The charge of lacking legitimacy has since then pervaded public discussions of NGOs. There is an unmistakeable call for NGOs to be subjected to some form of regulation. Two significant practical initiatives are under way in this connection:
Pleas for more or less NGO influence
UN Secretary General Kofi Annan this summer appointed a Panel of Eminent Persons on Civil Society and UN Relationships under the Chairmanship of former Brazilian President Fernando Henrique Cardoso. The goal was to «increase representation of the civil society» in international politics and above all in the UN. To this end, the Panel will be tabling a set of «basic legal guidelines» next April to which all NGOs will have to be accountable.

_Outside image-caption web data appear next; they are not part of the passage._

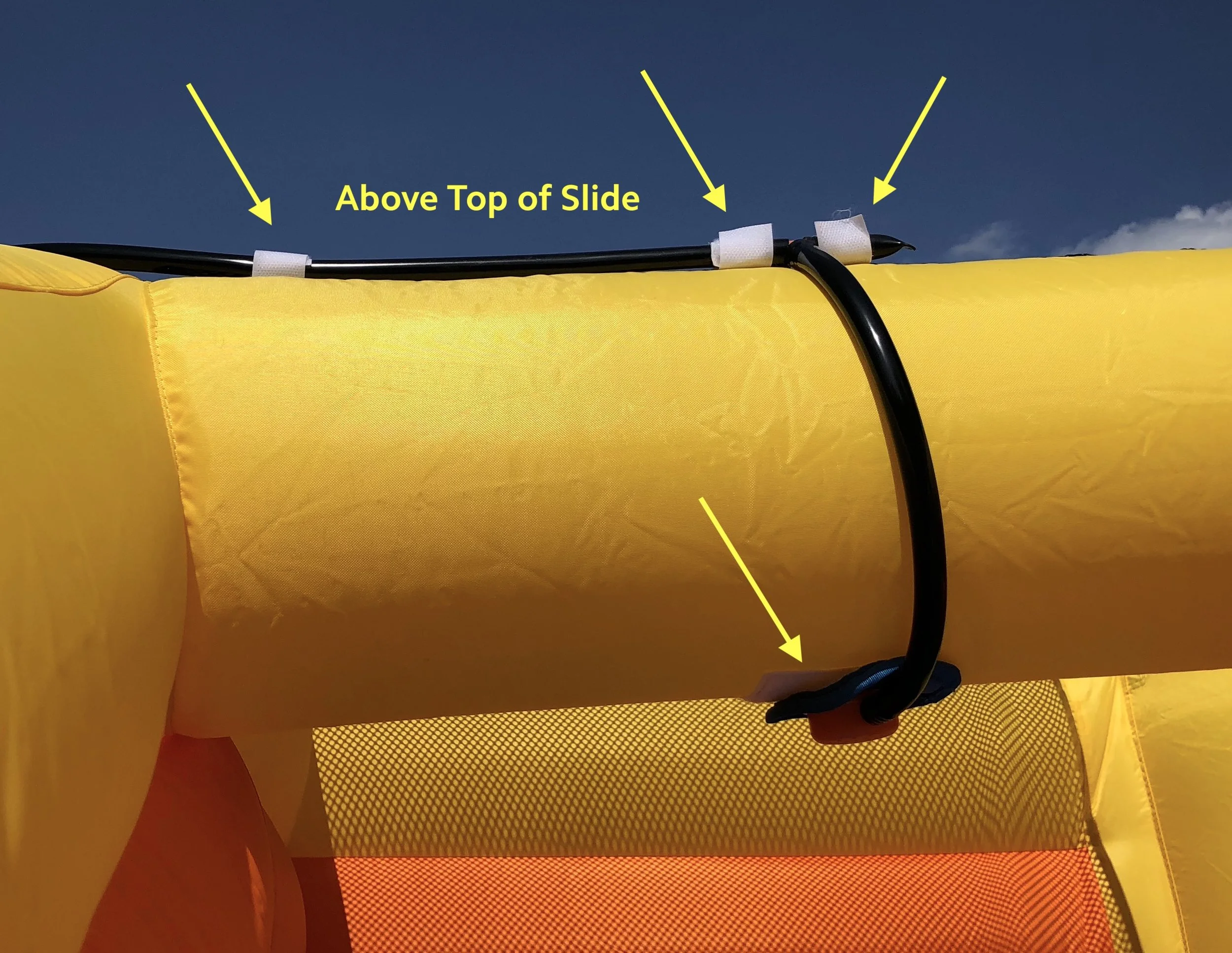8a. Attach the sprinkler above the top of the left slide using Velcro. Secure the hose using the additional Velcro straps.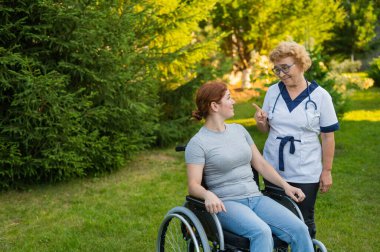 An elderly female nurse walks with a middle-aged woman in a wheelchair in the park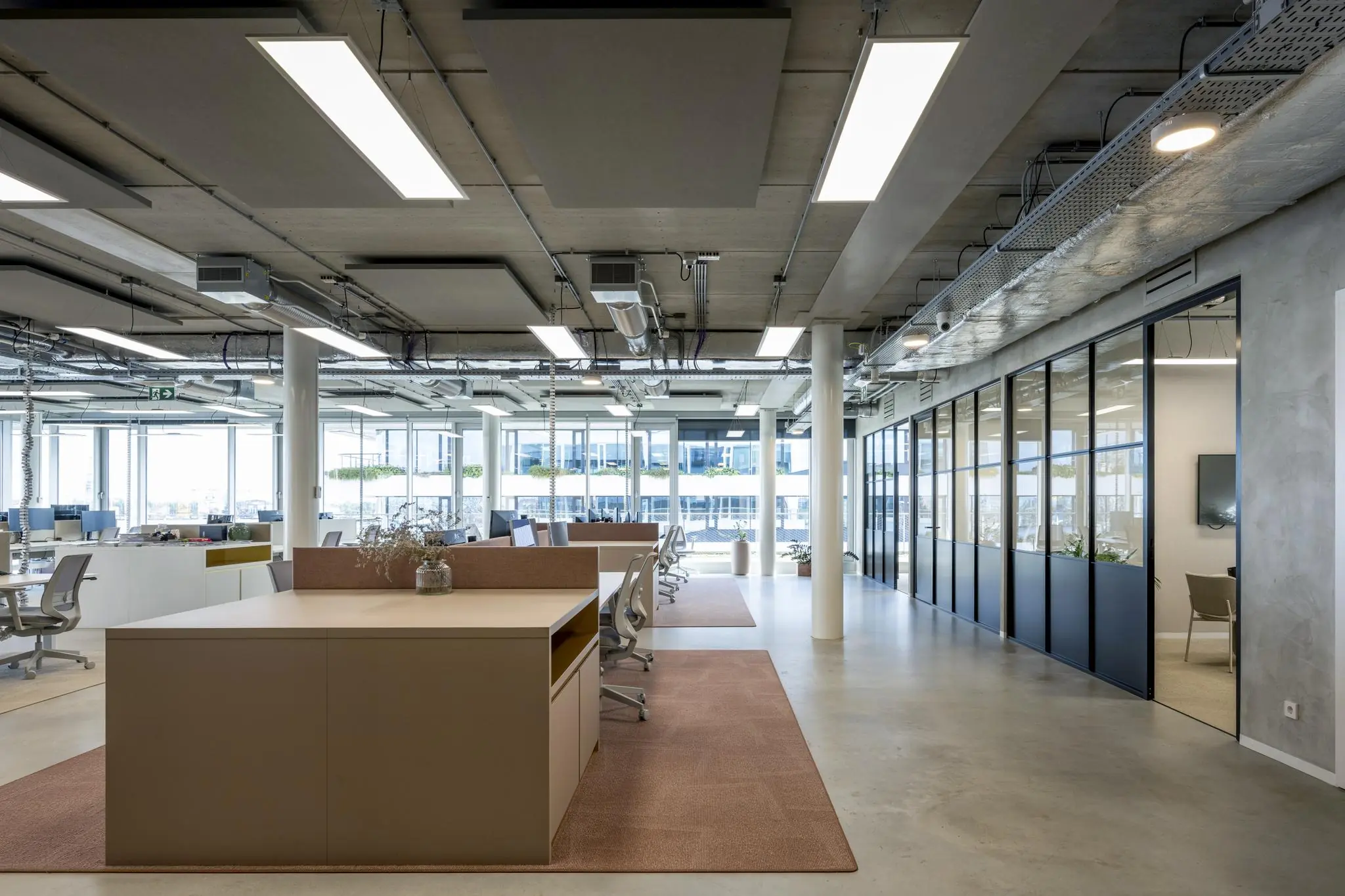 Modern kantoorinterieur aan de Moermanskade met open werkplekken, glazen vergaderruimtes en industriële plafondafwerking.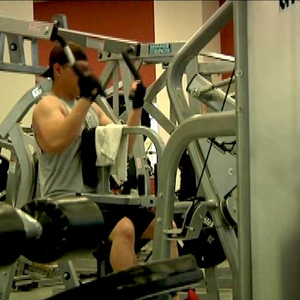 man doing resistance training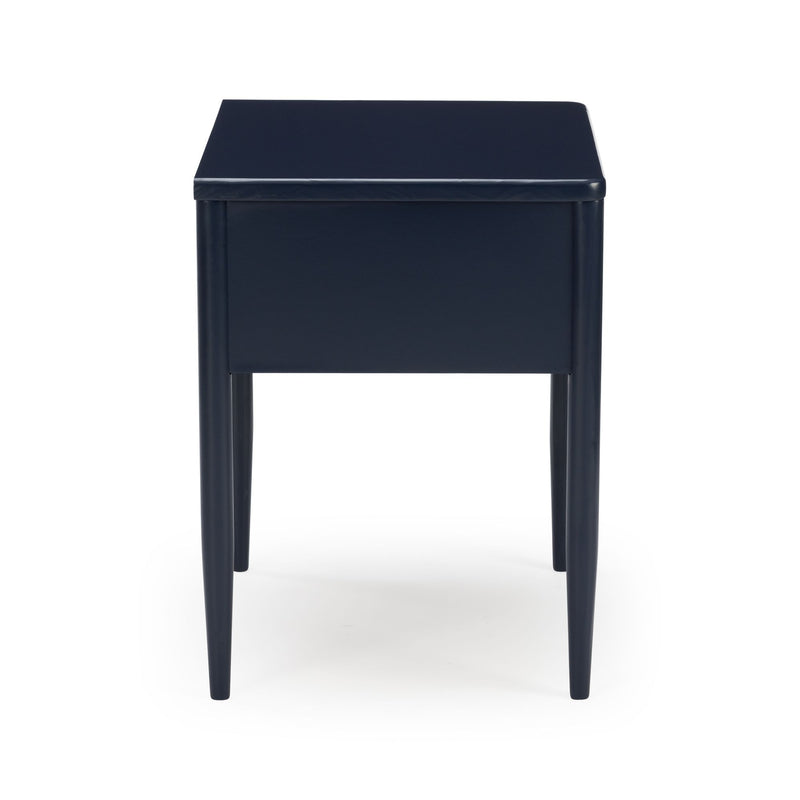 Navy blue square-top stool with padded seat and tapered legs on white background — modern accent side table for bedroom or living room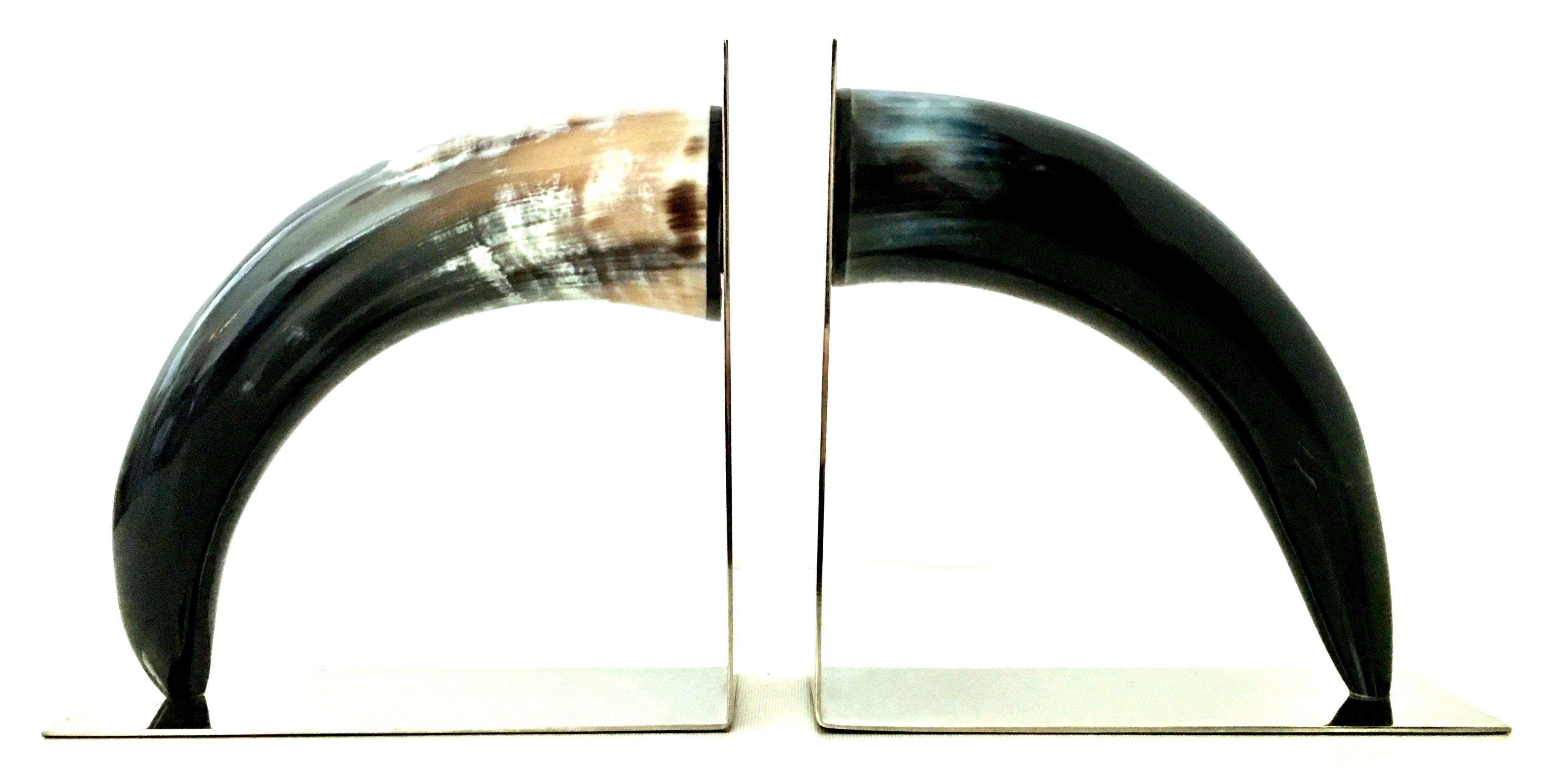 21st Century Pair of Contemporary and sleek polished black natural horn and chrome bookend sculptures. These timeless sculptural horn bookends feature polished black and tan polished buffalo horn mounted on sleek polished chrome book ends.
Each horn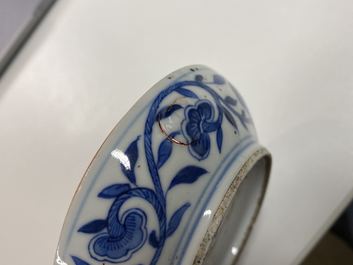A pair of Chinese blue and white four-tier stacking boxes, a seal paste box and four saucers, 19th C.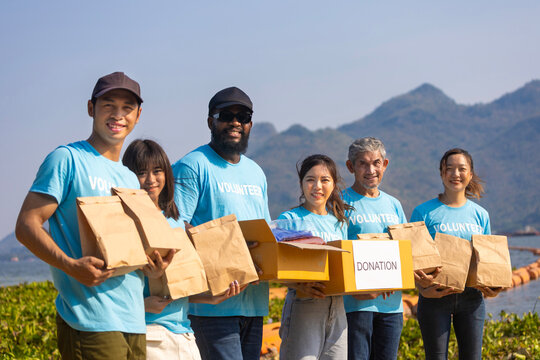 Diversity group of volunteer people joining together in money raising event for charity donation work and ngo related activity such as global warming, environmental issues, pollution concept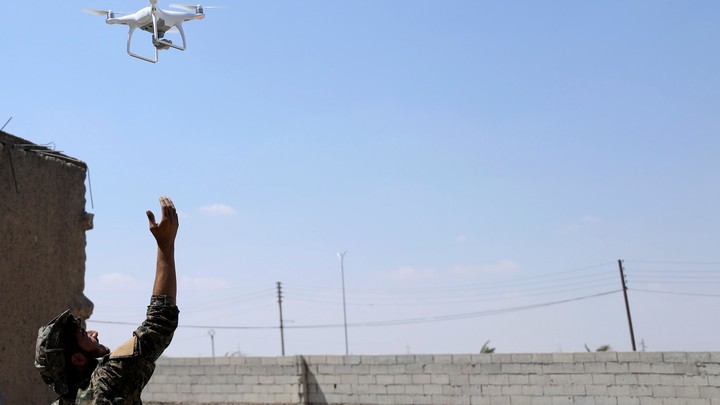 A fighter from SDF flies a drone in western Raqqa province on June 18, 2017.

It will be acknowledged at the same time, however, that NGOs do need «some freedom» for their work, according to Kevin Kennedy, the Panel Coordinator.The Panel works on the assumption that although «unelected», NGOs could represent civil society, provided that they conform to UN guidelines.
This summer too, the American Enterprise Institute, a Bush Government think tank, launched the NGOWatch program together with related institutions. «Many groups» have «strayed beyond their original mandates and [have] assumed quasi-governmental roles», the initiators complain: «The extraordinary growth of advocacy NGOs has the potential [...] to undermine the sovereignty of constitutional democracies». For the NGOs favour a world order of global governance or world government at the expense of the sovereignty of democratic nation-States, and they have UN support in this. NGOWatch wants to alert the US Government and multinationals to the dangers of cooperating with NGOs and to demand greater transparency and accountability from them. NGOs should cease their advocacy and go back to charitable works.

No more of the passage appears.